Also, as per class yesterday, Usha, you've noted another device in Tolkien from the Medieval period: a character who was part of the kitchen staff. What's there to be said on this?
Aaron, I think that's a really interesting question, and I have this to add: after reading your comment earlier today, I, in a completely unrelated incident, picked up The Two Towers to read my favorite chapter, "Of Herbs and Stewed Rabbit," and it sort of hit me over the head that Sam's love of cooking ties in nicely with this. It's definitely something to think about - although Sam wasn't exactly a servant the same way Adam was (although neither were the cooks in Smith), and he certainly wasn't a member of the kitchen staff, there is that idea of a servant whose loyalty and bravery are absolutely essential to the protagonist's success.
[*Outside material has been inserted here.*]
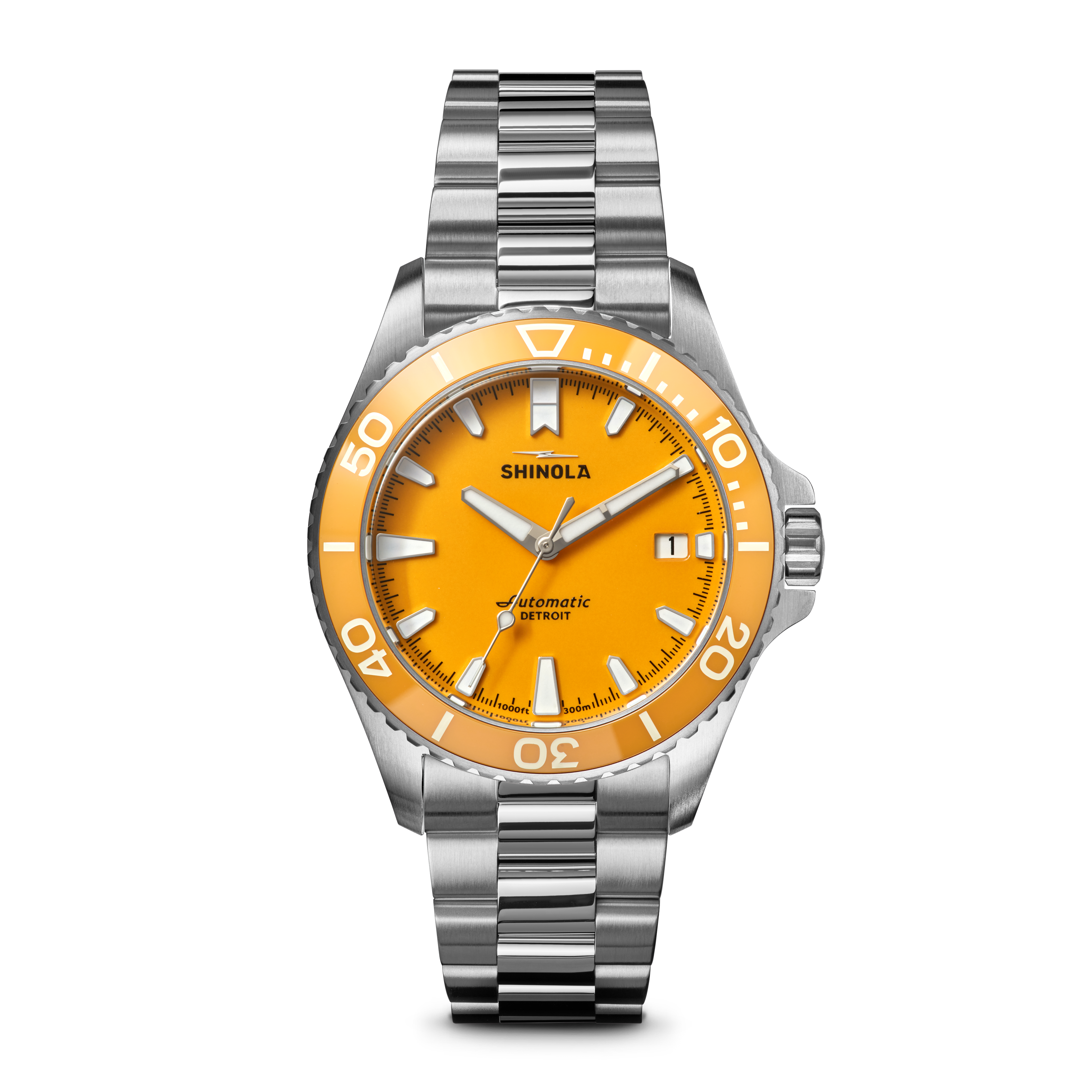Shinola Monster Automatic Lake Huron 39mm Sun Lake Orange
As for the cooks, I will say that I've read that Tolkien, while he disliked allegory, wrote Smith in part as a criticism of New Criticism - the grouchy cook Nokes represented the New Critics and the wise cook Alf (and his predecessor whose name I can't remember) represented the philologists. (I don't have any idea where I read this; it might have been one of Tom Shippey's books or wikipedia or somewhere else so I can't vouch for it's being true.)
Also, I promise a post completely unrelated to Tolkien tomorrow!
Food in general seems like an important tool in orienting characters into certain worlds. Persephone gets stuck in the underworld only after she eats the food there.
In LOTR, food seems to orient the hobbits in the world of the Shire. That is, food (and the bad quality of the food Samwise and Frodo find on the way to Mordor) is a constant reminder they are of the Shire. The foods remind them of their own world and, by highlighting their eating habits, identify them as belonging to a certain world, with a specific type of living habits and beliefs.